__Task item__:
Below are the records; give again exactly the lines from the one containing "22mm Sport Breathable" through the one containing "Rectangular Mens Classic", leaving out pictures.

Start of Supplied entries

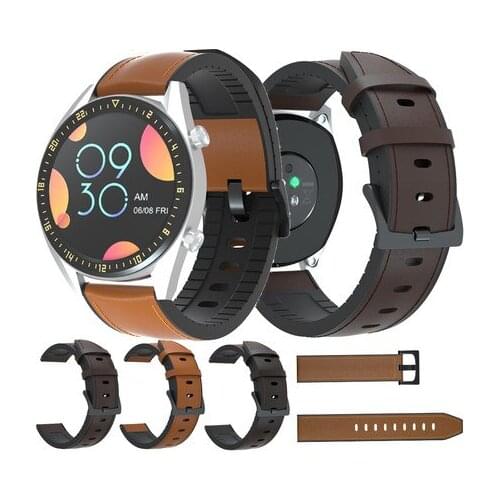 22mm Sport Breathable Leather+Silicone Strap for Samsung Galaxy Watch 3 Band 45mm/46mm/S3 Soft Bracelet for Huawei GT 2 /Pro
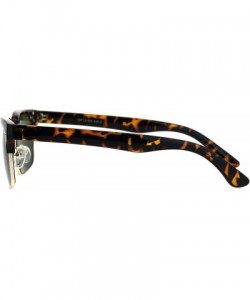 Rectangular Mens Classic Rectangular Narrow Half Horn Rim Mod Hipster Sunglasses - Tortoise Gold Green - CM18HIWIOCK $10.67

End of Supplied entries
Start of Supplied entries

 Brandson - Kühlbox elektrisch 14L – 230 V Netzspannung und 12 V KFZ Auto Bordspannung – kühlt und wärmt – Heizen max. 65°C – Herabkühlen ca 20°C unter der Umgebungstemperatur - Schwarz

End of Supplied entries

__Solution to this task__:
 22mm Sport Breathable Leather+Silicone Strap for Samsung Galaxy Watch 3 Band 45mm/46mm/S3 Soft Bracelet for Huawei GT 2 /Pro
 Rectangular Mens Classic Rectangular Narrow Half Horn Rim Mod Hipster Sunglasses - Tortoise Gold Green - CM18HIWIOCK $10.67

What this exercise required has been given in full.